--- Records for processing ---
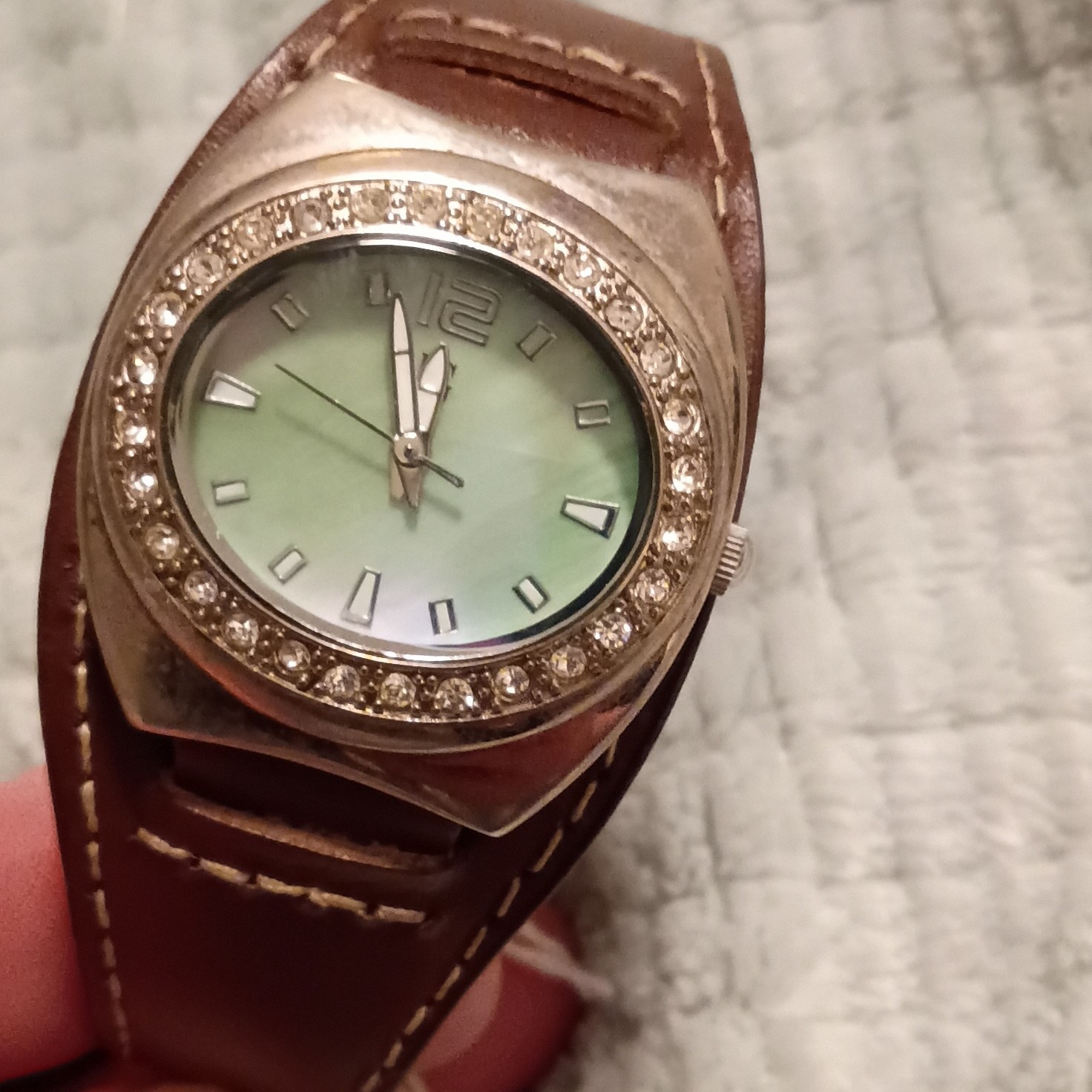 Round Analog Wristwatch, Green Dial Brown Leather Band Silver Case Baton Indexes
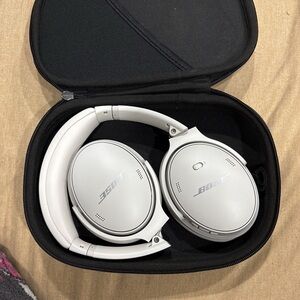 BOSE headphones white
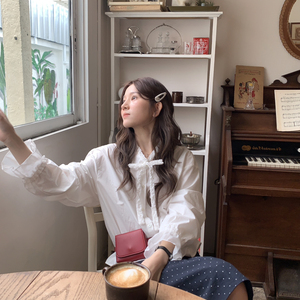 MOGE-26年早春款韩系设计感宽松木耳边系带V领系带小衫G25521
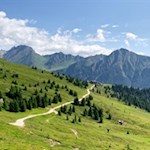 Von der Bergstation Jochtal folgt der Panoramarundweg breiten Wegen 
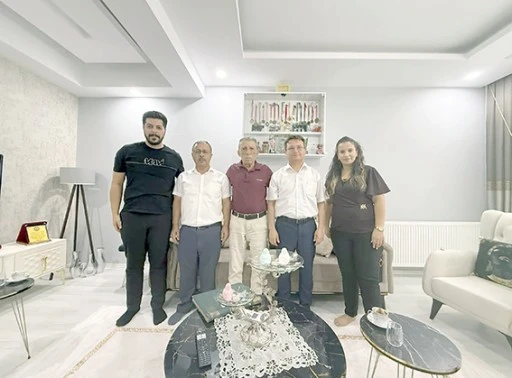 BATMAN DEFTERDARLIĞINDAN ŞEHİT AİLELERİ VE GAZİLERE ANLAMLI ZİYARET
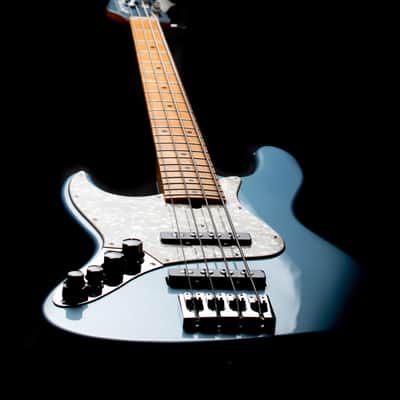 Mike Lull MV4 Left handed Bass 2009 Lake Placid Blue image 12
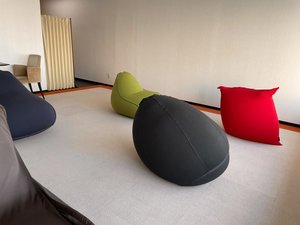 大浴場のリラクゼーションルームにはyogiboを設置!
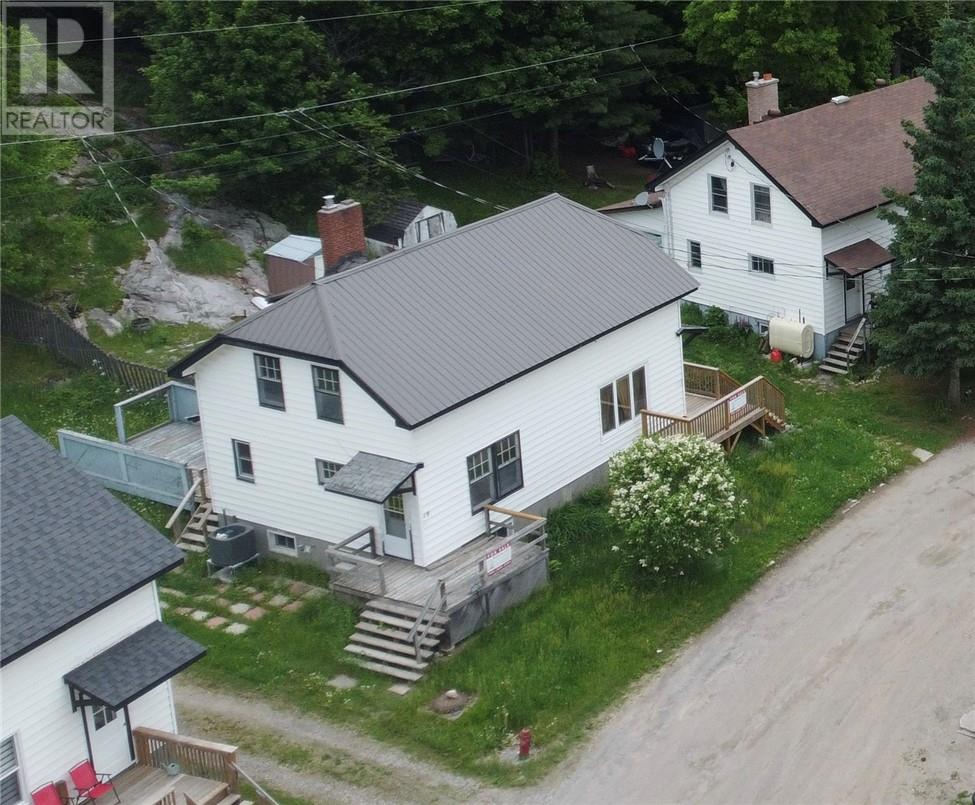 1021 Crescent Street Unit# A & B Property Photo 8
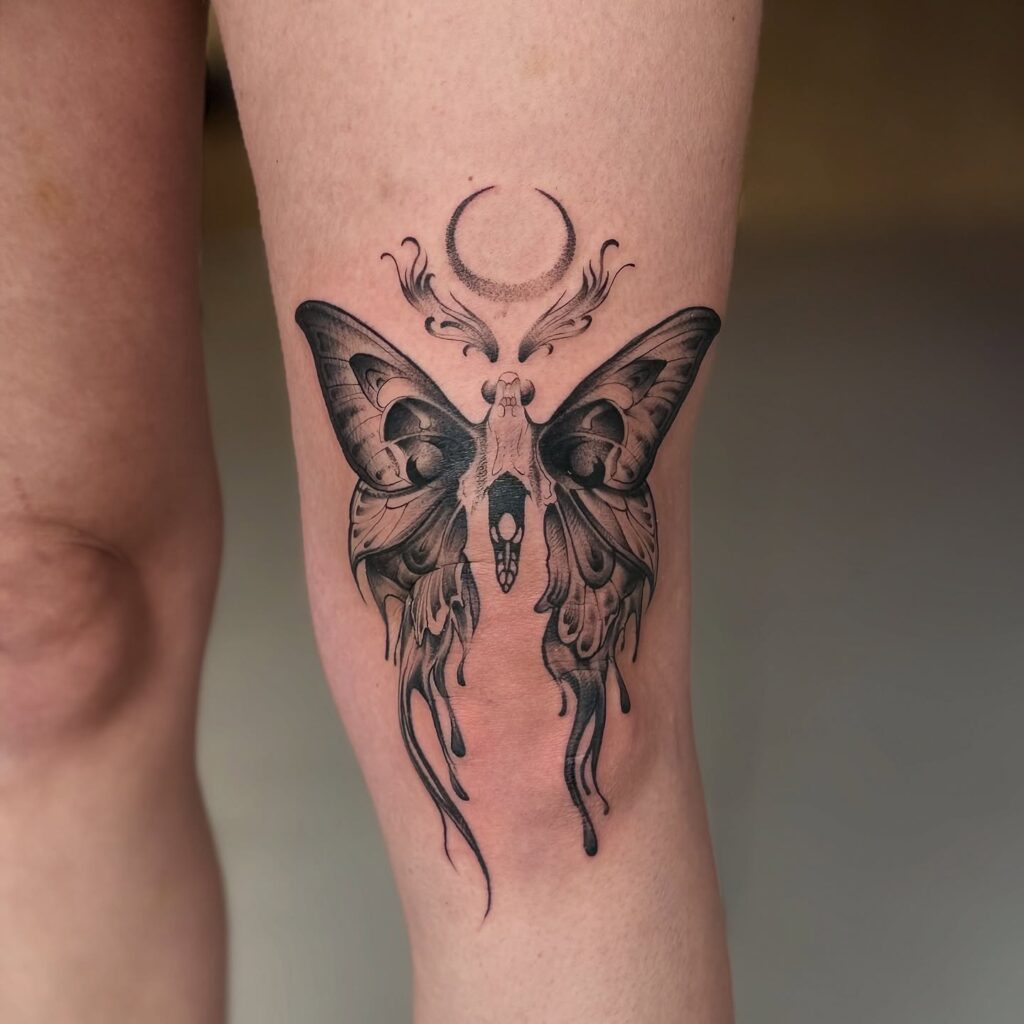 Tatuaż dotwork motyl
---
**Work instructions**
No pictures belong in the output. It should reproduce exactly the lines from the one containing "MOGE-26年早春款韩系设计感宽松木耳边系带V领系带小衫G25521" through the end of the data, both ends included.

**Solution to the problem**
 MOGE-26年早春款韩系设计感宽松木耳边系带V领系带小衫G25521
 Von der Bergstation Jochtal folgt der Panoramarundweg breiten Wegen 
 BATMAN DEFTERDARLIĞINDAN ŞEHİT AİLELERİ VE GAZİLERE ANLAMLI ZİYARET
 Mike Lull MV4 Left handed Bass 2009 Lake Placid Blue image 12
 大浴場のリラクゼーションルームにはyogiboを設置!
 1021 Crescent Street Unit# A & B Property Photo 8
 Tatuaż dotwork motyl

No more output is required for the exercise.